A la place de ce dispositif – néfaste pour les acteurs crypto souhaitant se développer en 🇫🇷France, les utilisateurs ainsi poussés dans les bras d’acteurs moins sûrs, et les autorités devant se préparer à MiCA – les députés ont souhaité opter pour une solution plus équilibrée.

Cette solution moins drastique consiste à imposer, seulement aux nouveaux entrants dans le secteur, un enregistrement PSAN “renforcé” auprès de l’AMF , laquelle veillera à plus de transparence afin d’éviter, entre autres, des situations de conflits d’intérêts. 

En effet, l’obligation d’obtenir, avant cette fin d’année, l’agrément PSAN délivré par l’Autorité des Marchés Financiers, aurait eu, pour les acteurs déjà enregistrés auprès de l’Autorité, l’effet d’un ultime coup de tonnerre dans le ciel encore chargé des orages essuyés en 2022, et nombre d’entre eux auraient bien pu mettre la clef sous la porte.     

Et l’Adan de conclure son fil Twitter dédié à ce vote en résumant ainsi les défis au devant desquels les acteurs crypto en France, mais aussi le gouvernement (puisque le ministre des finances, M. Bruno Le Maire, a déclaré vouloir faire de la France, en Europe, le camp de base “des cryptos et de la DeFi) s’acheminent : 

Lutter contre la concurrence déloyale en veillant au respect des règles déjà en place et MiCA demain ;  lever les obstacles qui pourraient demain empêcher les PSAN de se mettre en conformité à MiCA et exercer leur activité ; ➡ militer pour l’harmonisation règlementaire mondiale.

Tout un programme en somme. Mais chaque chose en son temps. 

La France se règlera sur MiCA

Les entreprises crypto en France peuvent reprendre leur souffle. Mais rapidement, car les démarches auxquelles ces dernières vont devoir se soumettre dans le cadre de l’entrée en vigueur du texte de loi européen MiCA prévue pour 2024, ne seront pas une partie de plaisir. En effet, l’agrément obligatoire des PSAN auprès des autorités financières fait partie des provisions légales du texte voté par le parlement européen. Bien sûr, le calendrier étant avec MiCA plus étendu, les acteurs de l’écosystème ont le temps de s’y préparer. 

Heureusement, car pour aujourd’hui l obtention de l’agrément PSAN est tout bonnement inaccessible pour les entreprises crypto, et ce même avec la meilleure volonté du monde. Sur près de 60 acteurs crypto enregistrés PSAN en France, aucun n’est agréé. Les piliers du secteur tels que Binance, Kraken et Coinbase ne sont pas agréés, toutes ces entreprises ne sont que simplement enregistrées. 

Les justificatifs nécessaires pour obtenir l’agrément sont tout simplement inaccessibles aux entreprises crypto, comme l’assurance de responsabilité civile professionnelle.

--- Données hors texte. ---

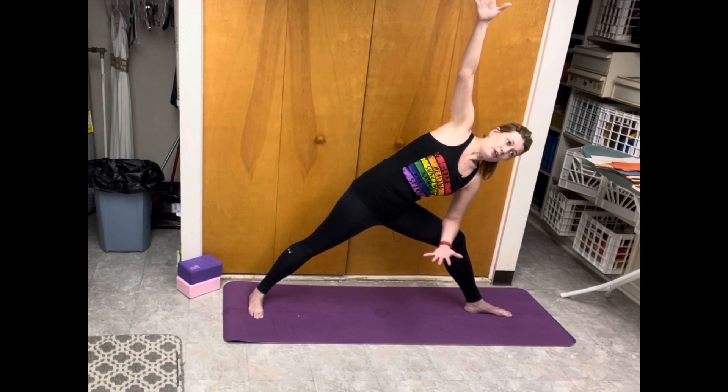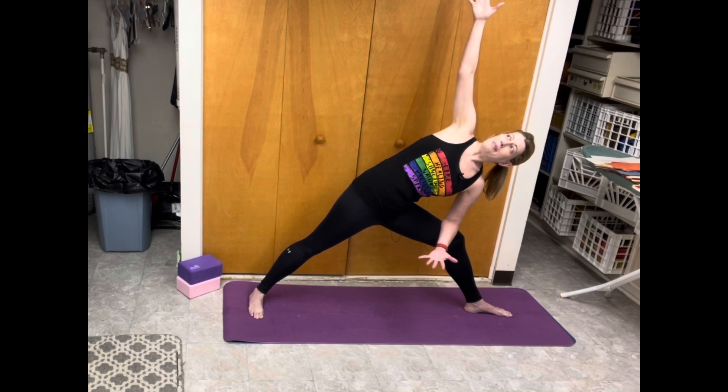From here, rotate your chest up and back, squeezing your shoulder blades together. This is called retraction of the scapula.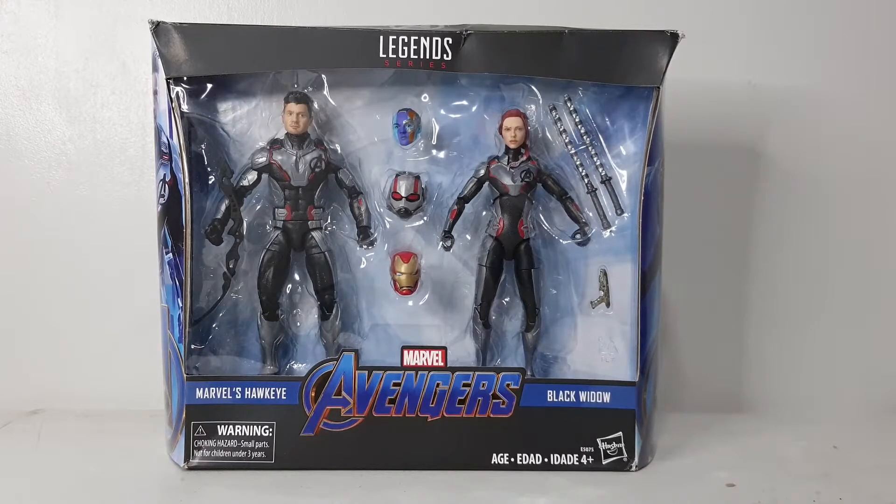Good day YouTubers, this is Carlito and welcome again to my YouTube channel. For today we will be doing an unboxing and short review of this exclusive two-pack of Hawkeye and Black Widow in their respective quantum suits from Avengers Endgame. Before I proceed, I'd like to ask you guys to please watch, like, and subscribe to my YouTube channel.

Les assureurs fuyant les acteurs crypto comme la peste, Ils condamnent les entreprises à l’incapacité de se doter des assurances requises et donc de finaliser leur dossier pour l’agrément PSAN, même les plus réputées de l’écosystème.

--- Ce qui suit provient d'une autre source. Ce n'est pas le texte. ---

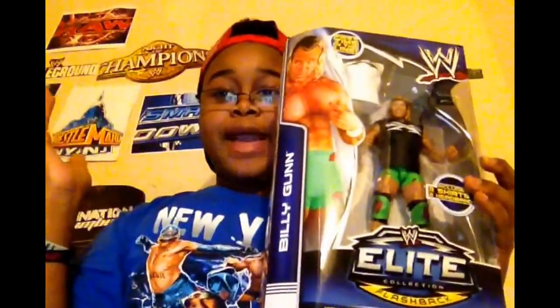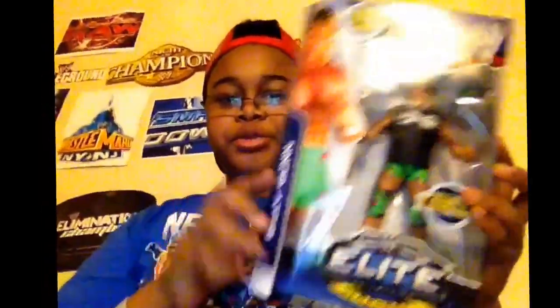Again, ladies and gentlemen, you want it, we got it — we got that Billy Gunn from Elite Series 27. I'm gonna get this figure out of the case. Be right back.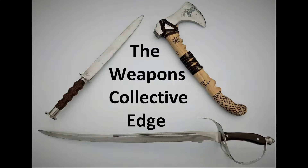Welcome to the Weapons Collective Edge. Today I'm going to do a review on a bowie knife. I thought it'd be a nice backdrop to show you what it's like out here in Idaho, a couple miles out in the wilderness. It's quite beautiful.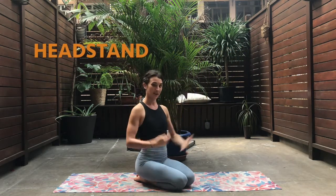Hi everyone, my name is Amélie and welcome to the tutorial videos. So today, we're going to practice together the headstand. So if you're ready, grab a mat, maybe a wall, and let's begin.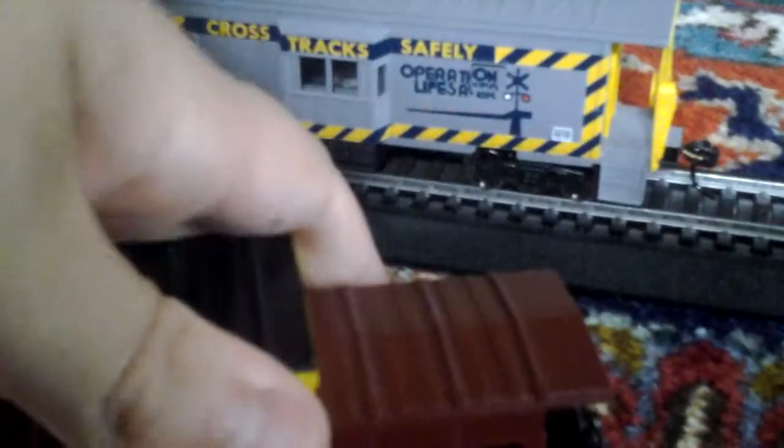Well, this is a bay window caboose review. You'll be seeing it more early on my layout coming up. So have a nice day.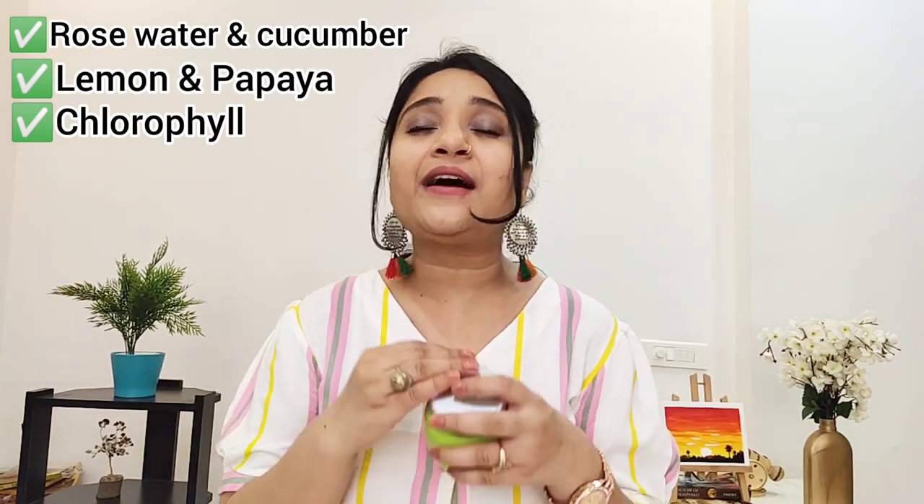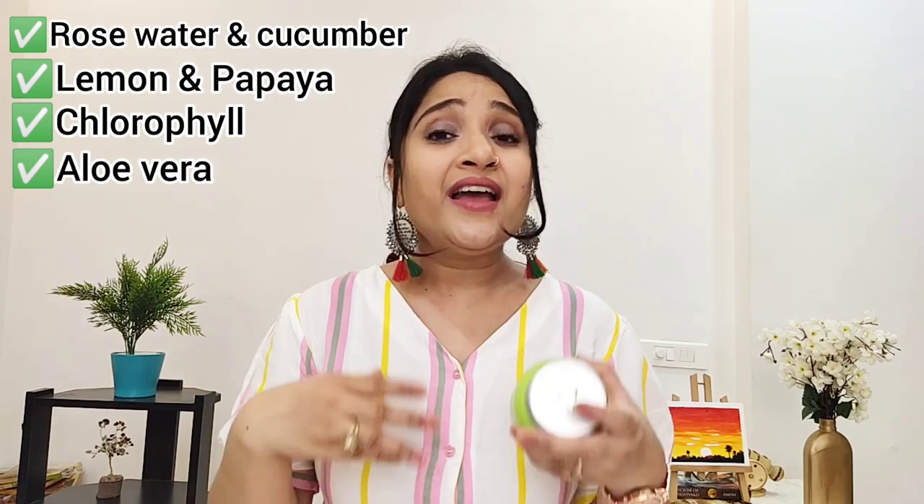Let me tell you all the ingredients. First, rose water and cucumber — both are very hydrating components that give you soft and supple skin. Next, lemon and papaya, which help to brighten the skin. Third, chlorophyll, which contains magnesium and helps to increase oxygen content. Fourth, aloe vera, which helps with irritated skin and calms and soothes it.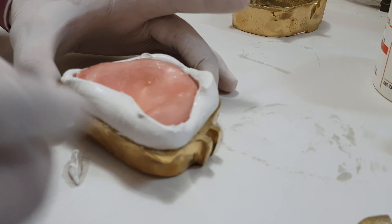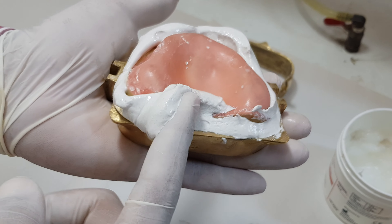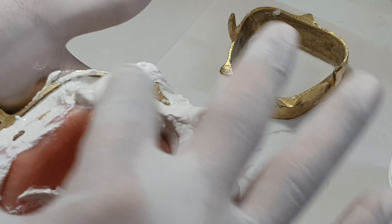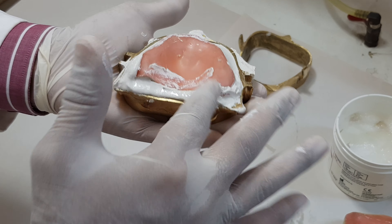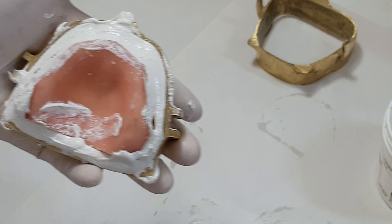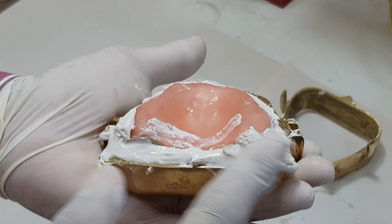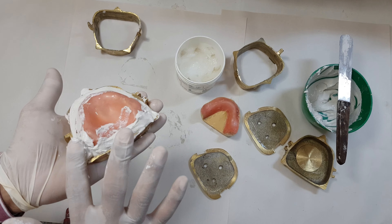Remove the excess plaster from here and apply it on the surfaces all over. Make sure the excess plaster is cleared. Once it is slightly soft, we'll clean it up. Where the plaster is deficient, we add more right now — like over here where it was deficient. We'll remove the excess once it slightly sets.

Une tendance dans le monde de l’assurance qui pourrait s’étioler en raison de l’harmonisation des cadres légaux pour ce qui touche au crypto actifs. 

Pour rappel, la France est aujourd’hui leader en matière de réglementation des actifs numériques ; elle s’est dotée d’un système fonctionnant en deux étapes : (1) un enregistrement obligatoire auprès de l’AMF qui est assez facile à obtenir, et (2) un agrément dont l’obtention est beaucoup plus complexe. 

Le Plan d’action pour la croissance et la transformation des entreprises (PACTE) une loi adoptée en 2019, vise à favoriser la croissance et la transformation des entreprises en France. Elle contient des mesures pour faciliter la création d’entreprises, améliorer la protection des actionnaires minoritaires, renforcer la transparence des entreprises et favoriser l’innovation. Elle a notamment bénéficié aux acteurs français de la crypto en leur permettant de s’enregistrer en tant que PSAN auprès de L’AMF, ce qui leur fournissait un cadre réglementaire au sein duquel l’innovation pouvait s’essayer.